“Aqui vai ser o meu, se Deus quiser”, aponta um dos ocupantes de um terreno no Carlito Pamplona, em Fortaleza, onde cerca de 500 famílias demarcam espaços, constroem barracos e criam ruas no que poderia ser um “mini-bairro” dentro da comunidade. O local possui 33,5 mil m² e estava desocupado, de acordo com moradores do entorno, há cerca de 30 anos.
Por lá, o Diário do Nordeste presenciou o retorno dos ocupantes após uma desocupação violenta para retirada do grupo, que aconteceu na terça-feira (11). No lugar, onde há piso cimentado, são pintadas faixas e nomes dos chefes de família. Também são colocadas placas com o nº do “lote”.
Já no trecho de terra batida, as estacas de madeira e as lonas servem não só para abrigar os ocupantes como também para indicar o local onde se pretende construir moradia. Ao circular pelo local, a reportagem também identificou trechos com a inscrição “aqui tem dono”.
Entre os barracos improvisados, circulam de crianças a idosos, e muitas mães solo relatam o motivo que as levaram para a ocupação: desemprego. Sem condições de pagar aluguel, a alternativa encontrada foi procurar um pedaço de terra no local.
Rafael Pequiar, líder comunitário e membro do grupo da ocupação, contextualizou que a situação é compartilhada pela maioria dos ocupantes. "O povo tem direito à moradia própria, assistência familiar, ao saneamento básico, à educação, e a gente vai lutar por justiça", frisa.

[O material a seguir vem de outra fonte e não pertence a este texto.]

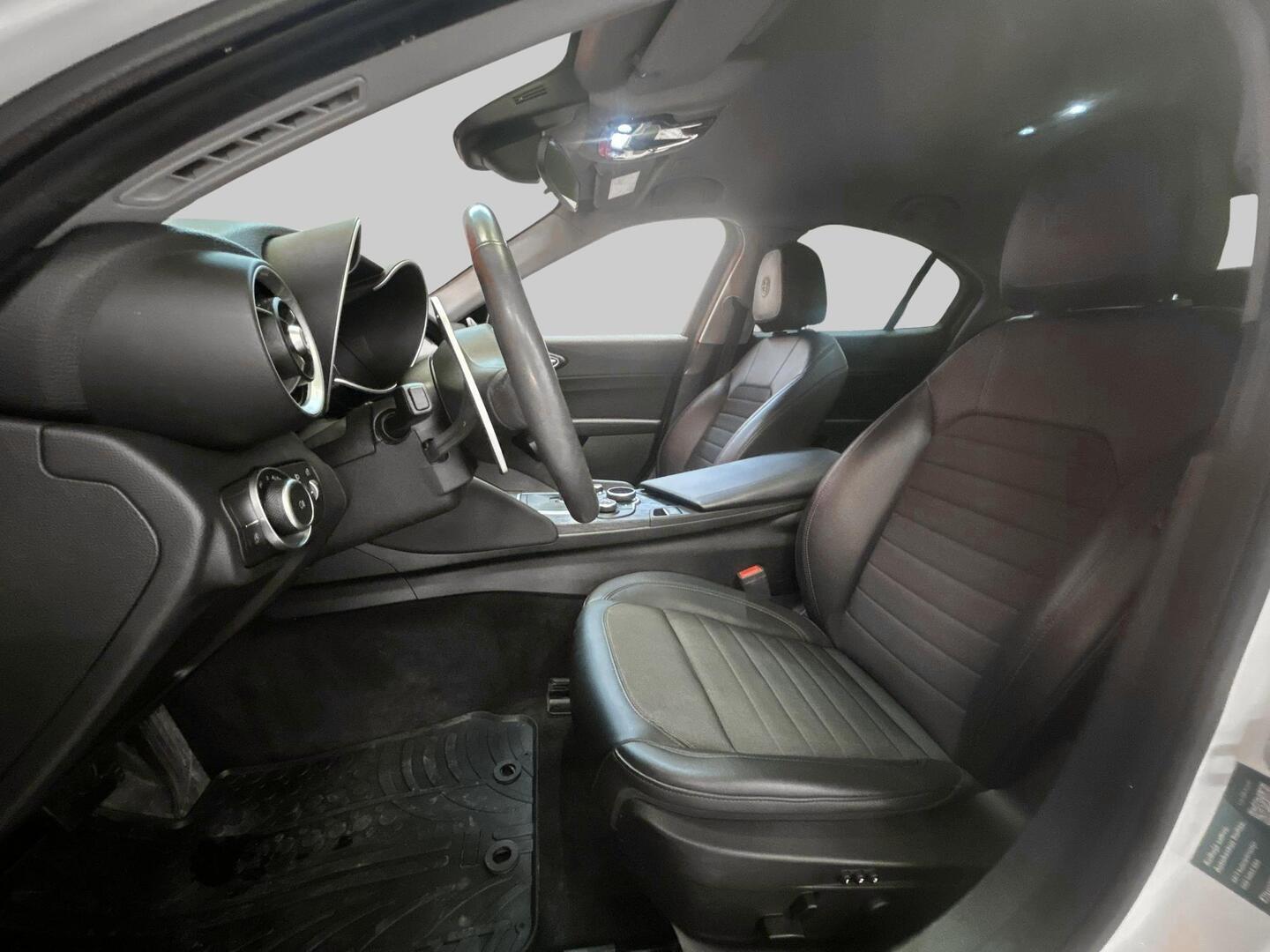 ALFA ROMEO Giulia 2019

A gente tava organizando o terreno para, de uma forma justa, dar um pedaço pra cada pessoa
Uma pessoa que preferiu não se identificar levantava de novo o barraco onde estava com o sobrinho, mesmo sob o sol forte do meio-dia.
"Desde ontem (terça-feira) que nós estamos tentando levantar de novo, porque um trator derrubou. Há mais de 20 anos esse terreno tá abandonado, o dono não se importava, mas depois que os moradores precisaram de uma casa…”, reflete.

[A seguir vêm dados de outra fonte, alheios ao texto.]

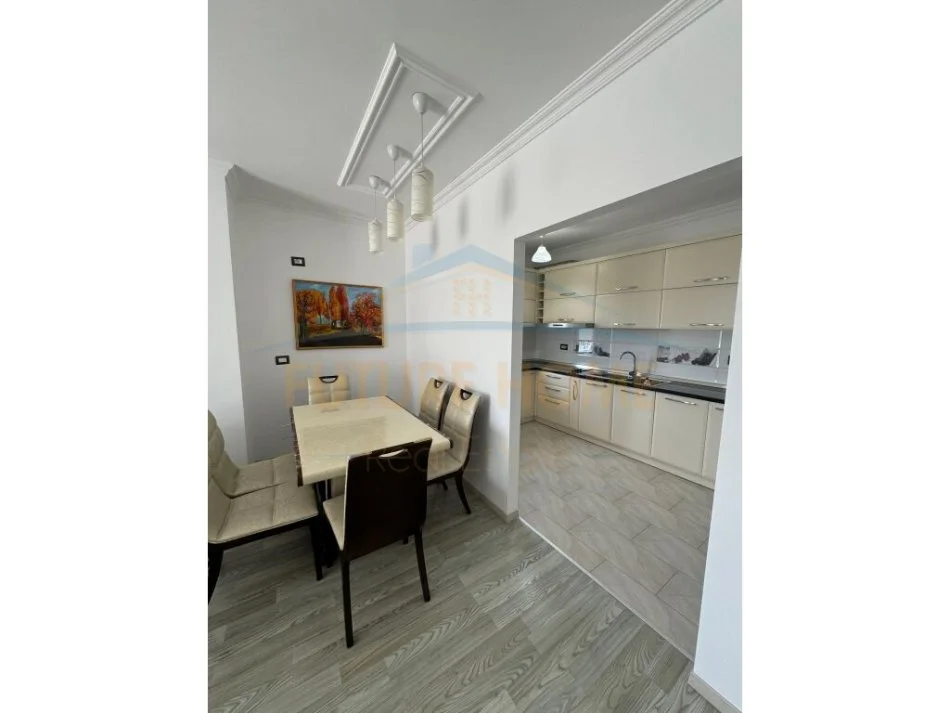 Tirane, jepet me qera apartament+verande | Penthouse 3+1+Ballkon Kati 9, 165 m² 1.500 € (SELVIA)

A ocupação surgiu como uma esperança. "A gente não tem onde morar e não vamos desistir. Eu morava na rua e agora estou aqui”, completa.

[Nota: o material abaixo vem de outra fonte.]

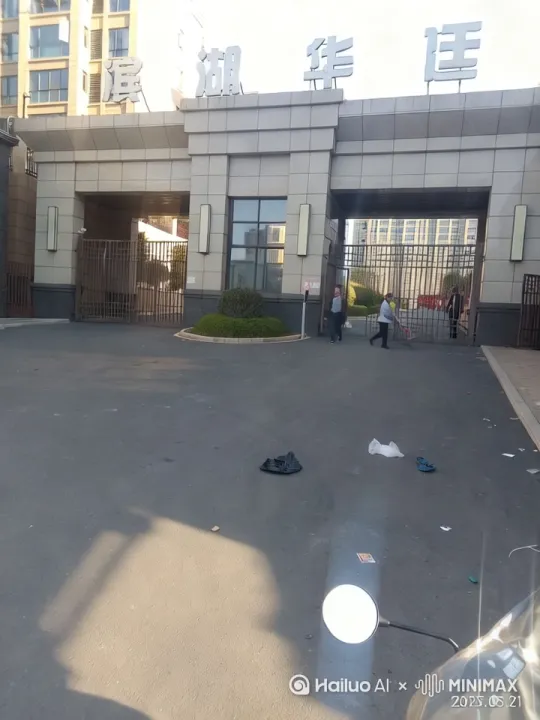 彻底打开格栅铁门，让这条路变得车来车往 by Hailuo AI Video Generator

Sobre a situação, a empresa proprietária do terreno, Fiotex, informou, por meio de nota, nesta quinta-feira (12) que “a ação realizada para pôr fim à demarcação em seu terreno foi conduzida de forma legal, em conformidade com o Capítulo III, Artigo 1.210, do Código Civil Brasileiro”.
Já o Tribunal de Justiça do Ceará (TJCE) respondeu à reportagem que “o referido caso não se encontra dentre as demandas pertencentes ao acervo da Comissão Regional de Soluções Fundiárias do TJCE, tampouco foi localizado processo judicial com os parâmetros disponibilizados”. Dessa forma, a Comissão não foi instada a atuar na questão.
A Secretaria dos Direitos Humanos do Ceará (Sedih) informou que faz o levantamento socioeconômico das famílias, identificando as demandas sociais, psicológicas e jurídicas pra encaminhamento dessas pessoas.
Já a Secretaria dos Direitos Humanos e Desenvolvimento Social (SDHDS) de Fortaleza informou que as famílias afetadas pela desocupação “receberão, de forma prioritária, atendimento socioassistencial na sede do Centro de Referência da Assistência Social (CRAS) Jacarecanga, equipamento que atende o território.
Organização popular
A ocupação 'Deus é Amor' é semelhante a outros cenários em Fortaleza e evidenciam as demandas por moradia na capital cearense e acontecem em regiões diferentes da cidade – seja na periferia, como no caso do Carlito Pamplona, mas também no Centro da Cidade, a exemplo das 24 famílias que viviam na Escola Jesus, Maria e José, em 2019.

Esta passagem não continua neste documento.